HOW TO EVALUATE NUTRITION:

Clinical arguments:

– To appreciate the general state, the state of the muscular masses, the subcutaneous adipose panniculus, the state of hydration.

– To identify the lesions of the skin, the state of the integuments, the mucous membranes.

– Appreciate the field: the medical and surgical antecedents, the age ++, the psychological disturbances, the addictions (alcohol, drugs).

– Specify the nutritional intake, the type of diet and its recent changes.

Anthropometric measurements:

– Measurement of body weight loss   : index allowing to appreciate the weight loss since the last 6 months compared to the usual weight. If it is> 10% undernutrition is severe.

– Body mass index   = Weight (Kg) / Size squared (m)

20 <normal man <25

19 <normal woman <24

– Waist size   : is measured between the iliac crest and the ribs and objectifies the abdominal distribution of fats.

Normal man <100 cm

Normal woman <90 cm

Paraclinical criteria:

– Albumin:   its half-life is long (20 days). Hypoalbuminemia <30-35 g / l indicates old and prolonged undernutrition, but does not allow to judge recent disorders.

– Prealbumin:   its half-life is 2 to 3 days, so it is interesting for monitoring. Its concentration can be falsely increased by chronic renal failure. It falls during recent undernutrition, but also in cases of inflammatory syndrome or hyperthyroidism.

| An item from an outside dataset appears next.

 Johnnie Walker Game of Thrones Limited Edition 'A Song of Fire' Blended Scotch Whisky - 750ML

Particularities of undernutrition of the elderly

 Serious, she is often under-diagnosed +++

 Risk situations: recent isolation (bereavement), debilitating dementia, admission to an institution but especially acute infection.

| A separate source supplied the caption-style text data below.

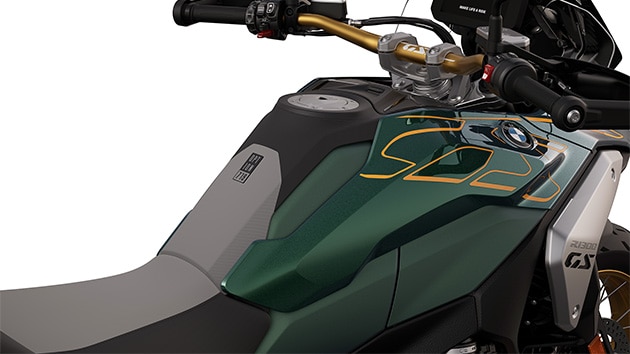 El diseño gráfico de la BMW R 1300 GS Tramuntana con equipamiento Option 719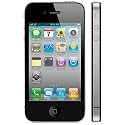 Apple iPhone 4S 16GB Dualcore-Smartphone (8,9 cm (3,5 Zoll) Touchscreen Display, 8 Megapixel Kamera, UMTS, iOS 5) schwarz
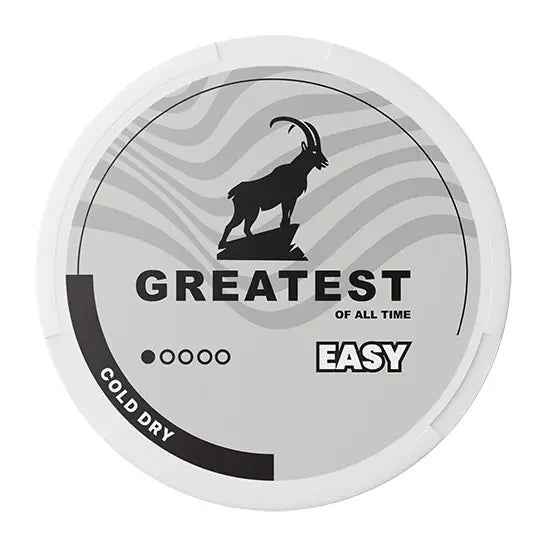 Greatest Cold Dry Slim Easy 4mg - The Snus Outlet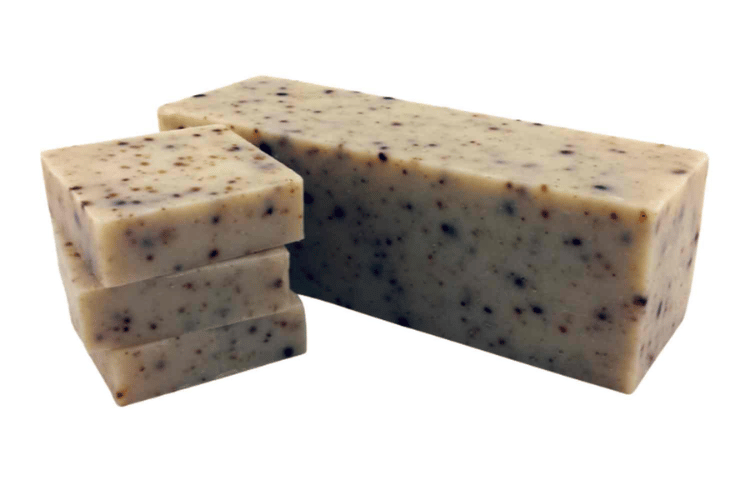 Persimmon Women's Soap Goat Milk Soap Loaf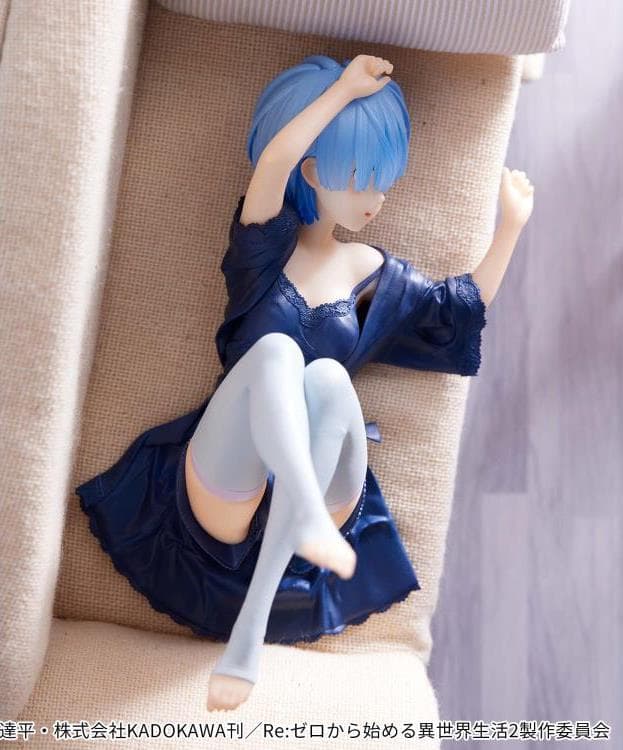 Фігурка Rem - Relax time (Dressing Gown Ver.) з аніме Re:Zero Starting Life in Another World 3
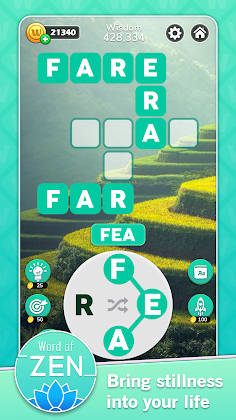 Word of Zen - CrossWord - Screenshot 1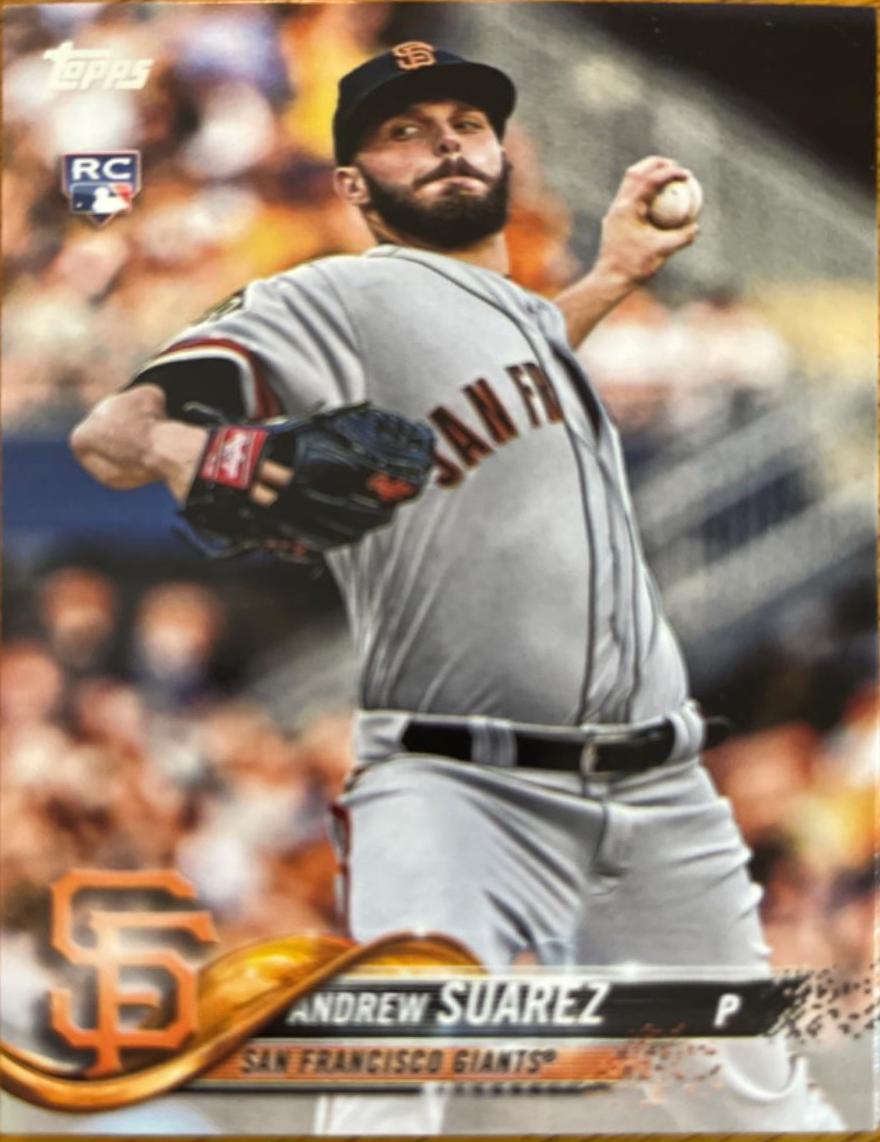 Andrew Suarez #US261 Baseball Cards 2018 Topps Update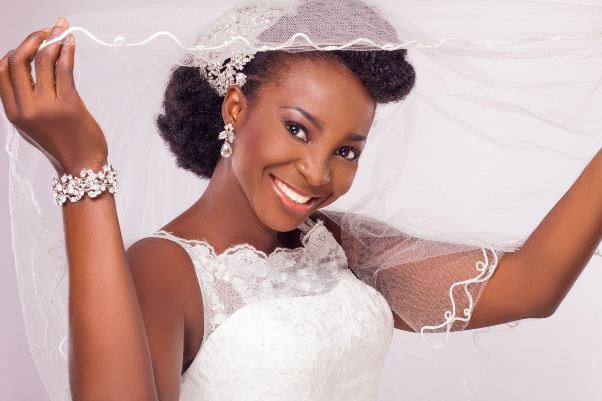 Natural Bridal Hair & Makeup Inspiration | Yes I Do Bridal - LoveweddingsNG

 The clinical assessment must include the assessment:

 mental status (MMS) and home autonomy (ADL, IADL);

 resources and social factors (who does the shopping, who prepares the meals?), Ask the relatives to check the contents of the fridge;

 systematic swallowing;

 teeth and dental appliances;

 walking.

 Specific geriatric tool: mini mutritionnal assessment (MNA)

 It must be systematically prevented in case of acute infection

 Protein and high calorie supplements must be adapted to the tastes of the elderly (enriched soups and purées, neutral Fortimel replacing milk in the morning).